Less pay, perks for ind directors
Independent directors serving on the boards of the nation's publicly listed companies are set to face a sharp cut in their perks, remuneration and fees. Mahua Venkatesh reports. Big brother watches the goodiesbusiness Updated: Oct 19, 2010 02:35 IST
Independent directors serving on the boards of the nation's publicly listed companies are set to face a sharp cut in their perks, remuneration and fees. A wary government, still smarting under the alleged accounting fraud in Satyam Computer Services, is readying a host of proposals to ensure the directors truly live up to their independent role.
Under legislative proposals to amend corporate law, stock options will be ruled out for independent directors, who may also face a cap of Rs20,000 per meeting for each sitting in board meetings, government sources said.
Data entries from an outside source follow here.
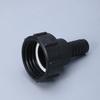 1/2" 3/4" 1" 2 Inch Thread IBC Tank Adapter Thicken Plastic Tap Connector Water Tank Fitting For Home Garden Water Connectors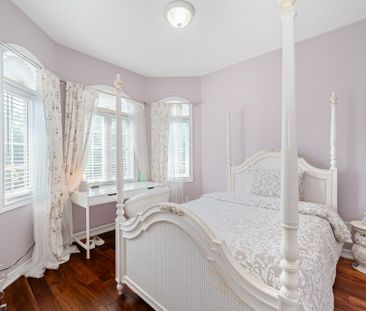 For Lease - 30 Eatonville Street Unit# Upper, Brampton, Ontario - Photo 6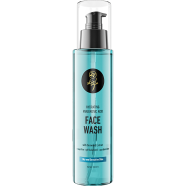 Skin Cafe Hydrating Hyaluronic Acid Face Wash with Seaweed Extract 140ml image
At present there is no cap and some directors earn as much as R30 lakh per annum
The proposals are being readied by the corporate affairs ministry, which is piloting the Companies Bill introduced in Parliament last year. A Parliamentary Standing Committee on the Bill submitted its report in August this year.
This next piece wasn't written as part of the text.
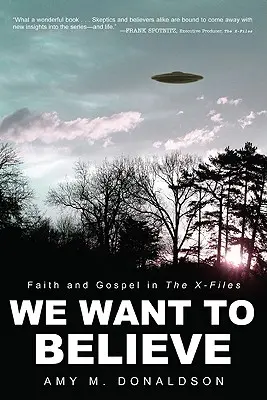 Wir wollen glauben - We Want to Believe
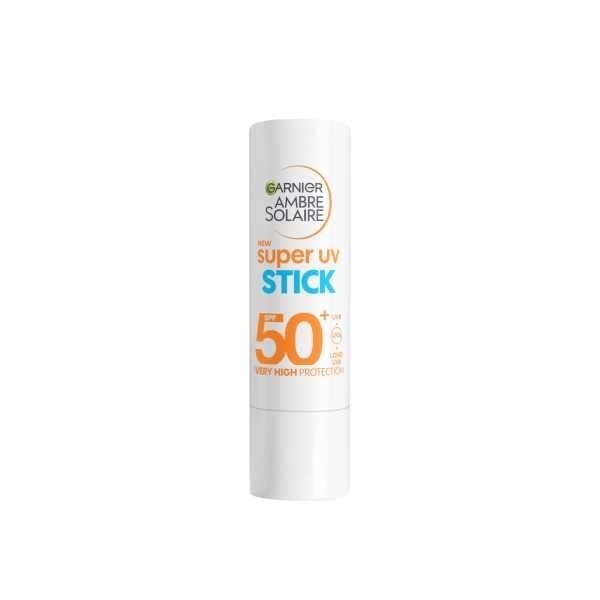 Ambre Solaire Super Uv Stick Spf50 9g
Government sources, who did not wish to be identified, said the ministry has decided to prohibit stock options for independent directors.
"The words — stock options — are proposed to be omitted from clause 132(6) of the Bill to allow independent directors to remain independent in decision-making," the source said.
The Bill, which is likely to be introduced in Parliament in the winter session with a slew of amendments as recommended by the Parliamentary panel, may have provisions to empower the Centre to prescribe sitting fees for independent directors.
"The rules may provide different slabs and categories for payment of sitting fees to different classes of companies on the basis of net worth or turnover," the source said.
The government has also proposed to set a six-year ceiling for any person to serve as independent director on a company's board and not more than two tenures in any case.
It has also proposed a cooling-off period of 3 years for an independent director to be re-inducted in a company.